Esse é o texto de estreia da coluna “ideias menos modestas”, que pretende ser uma área de polêmicas sobre o uso da linguagem em nosso cotidiano. Alvos principais: mídia, publicidade, discurso escolar, auto-ajuda, motivação empresarial e qualquer outra forma de manifestação que se configure como um bloco fechado de ideias.
Uma das palavras correntes na mídia nos últimos anos é inclusão. Frequentemente puxado, esticado até quase arrebentar, o sentido que se apreende dessa palavrinha mágica nem sempre é claro. Entretanto, não se deve pensar que essa dilatação e subversão de sentido seja uma exclusividade de “inclusão”. Pelo contrário, é só pensarmos em “democracia”, “cidadania”, “liberdade” e possivelmente mais uma dezena de outras.
Mas alguém com voz exaltada e surpresa irá perguntar: “Mas o que não está claro?” Pois é, o que parece óbvio, mas não é, é quem deve ser incluído.
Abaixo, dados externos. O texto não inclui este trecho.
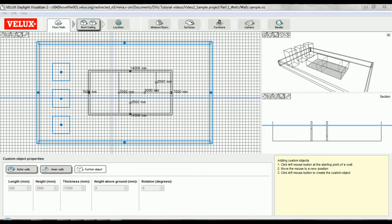And finally, all the walls and external surroundings are complete. Thank you for watching this Velux Daylight Visualizer tutorial.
Talvez seja muita inocência de minha parte acreditar que, quando se fala em inclusão, o alvo da proposta seja primariamente as pessoas. Em algum momento ou em algumas áreas bem delimitadas isso pode até ser verdade. Por exemplo, alguém sem emprego que é recrutado por uma grande companhia para realizar qualquer tipo de serviço que ninguém mais realizaria, por um salário mais miserável e sem perspectivas de crescimento. Essa pessoa foi “incluída” no mundo do trabalho, não há dúvida, mas é lógico que para falar de dignidade já temos que dar um passo muito grande.
Mas o que me interessa aqui é algo um pouco mais abstrato: inclusão cultural.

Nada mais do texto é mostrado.